**TRY IT**
From the line with "Người Đàn Ông" to the line with "Kirkland Central Retail", retype every line exactly, including those two, and leave out the rest of the data below.

*** GIVEN RECORDS Section Begins ***

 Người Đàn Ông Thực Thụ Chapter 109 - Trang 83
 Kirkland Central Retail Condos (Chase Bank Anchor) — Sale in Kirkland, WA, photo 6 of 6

*** GIVEN RECORDS Section Ends ***
*** GIVEN RECORDS Section Begins ***

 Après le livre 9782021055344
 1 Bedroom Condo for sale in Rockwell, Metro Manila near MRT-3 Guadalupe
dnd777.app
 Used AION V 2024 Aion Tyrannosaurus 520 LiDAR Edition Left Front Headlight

*** GIVEN RECORDS Section Ends ***
*** GIVEN RECORDS Section Begins ***

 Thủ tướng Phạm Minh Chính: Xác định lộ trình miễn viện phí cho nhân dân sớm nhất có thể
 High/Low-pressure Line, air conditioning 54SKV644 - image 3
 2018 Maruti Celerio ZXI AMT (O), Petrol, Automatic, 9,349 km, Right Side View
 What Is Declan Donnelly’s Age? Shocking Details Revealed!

*** GIVEN RECORDS Section Ends ***

**ANSWER TO THE PROBLEM**
 Người Đàn Ông Thực Thụ Chapter 109 - Trang 83
 Kirkland Central Retail Condos (Chase Bank Anchor) — Sale in Kirkland, WA, photo 6 of 6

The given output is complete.